Governments urgently need to improve their policy readiness if they want to have any chance of achieving the Sustainable Development Goals (SDGs) on inequalities. Governments in developing countries do not yet have the laws and policies in place to allow them to achieve SDG 5 on gender equality and SDG 10 on reduced inequality within and among countries. In ActionAid’s study, only three of ten developing countries had over 65% of key inequality-reducing policies in place. To make things worse, rich countries are not adequately supporting developing countries to achieve the SDGs, contrary to SDG 17’s aim to “revitalize the global partnership for sustainable development”. Indeed, some rich countries’ domestic and development policies deepen inequalities globally. Ultimately, governments’ failure to address women’s inequalities may jeopardise achievement of all SDGs.
The focus of the inequality debate generally has been on reducing income inequality. But this ignores the fact that inequality has a more severe impact on women. ActionAid’s experience shows that reducing income inequality will not be enough to change women’s lives; laws and policies must also respond to the multiple and overlapping inequalities that affect different groups of women. Significant among these are violence against women and girls (VAWG), the inequalities facing women in education, health, mobility, obtaining decent paid work, unequal access to and control over land and resources, and unpaid care burden. ActionAid analysed that the total amount of both paid and unpaid work undertaken by women and men and found that globally, a young woman entering the job market today can expect to work for the equivalent of an average of four years more than her male peers over her lifetime, as she is balancing both paid andunpaid care work. This amounts to the equivalent of an extra one month’s work for every woman, every year of a woman’s life.

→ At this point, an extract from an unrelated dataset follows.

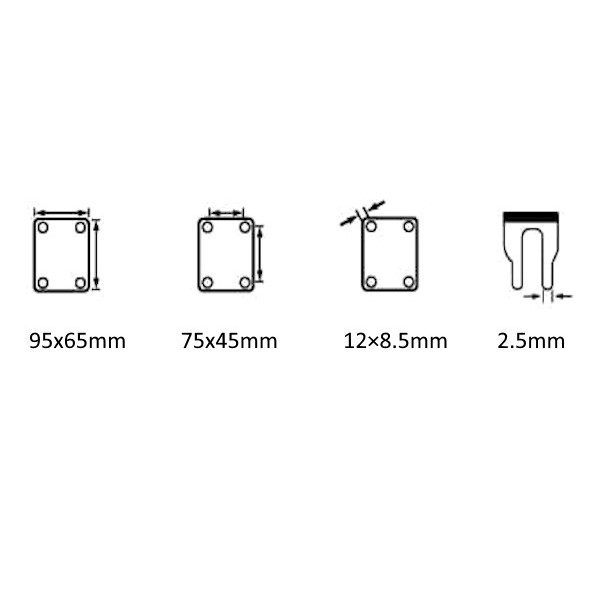 TO62908 KOTAČ ZA KOLICA OKRETNI PP 100 MM- MAX. 100 KG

In The Price of Privilege ActionAid shows how powerful forces at the global level prevent countries from addressing inequalities. Blockages at the national level also stop laws and policies to reduce inequalities from being put in place. For example, social protection is recognised as a key redistributive policy with positive effects in reducing inequality, yet only two of the ten developing countries ActionAid studied have comprehensive coverage.
In this report, ActionAid looks at where governments are policy ready and where they are not, identifying where key policies, laws and supportive environmentswill allow governments to take the first step towardsgreater economic and gender equality.
ActionAid believes that empowered communities pushing for change can make the change sustainable.For example, women’s collective action in Nepal has led to the adoption of a strikingly progressiveconstitution that commits the government to measuring women’s unpaid care work. Policy or laws alone may not always lead to change but their existence strengthens civil society campaigns for change on the ground. To improve their policy readiness to achieve the SDGs, civil society and national governments should:
- Shift policy decision making power away from those who currently hold power and influence, including multilateral institutions, rich-country governments, elite groups, and multinational corporations, and towards developing country governments and their people.
- Develop and hold governments accountable to redistributive national plans with policies that support the accomplishment of the SDGs. Such policies would aim to:
- recognise, redistribute and reduce women’s unpaid care work
- improve opportunities for decent work and wages for women and young people
- stop violence against women and girls
- improve women’s mobility, and their capacity to organise and participate in decision- making at all levels
- improve women’s access to education and health, and their access to and control over natural and economic resources.
- Put in place appropriate systems, governance, financial support, and monitoring and evaluation programmes so policies can be designed with a genuine “feminist lens” insisting that women’s development potential be at the centre of analysis and decisions. Those systems should be implemented with sufficient information, infrastructure and budget, and rigorously monitored by women and girls who are given the power to hold decision-makers accountable.
In a forthcoming study, Shifting Power, ActionAid will look at developing-country women’s perspectives of inequality and show how women’s collective action can spur implementation of improved policies and change cultural norms, thus reducing inequalities women face. ActionAid recognise that policies and laws are only the starting point. However, it is clear that having the right policies and laws in place is a crucial first step towards genuine change for women.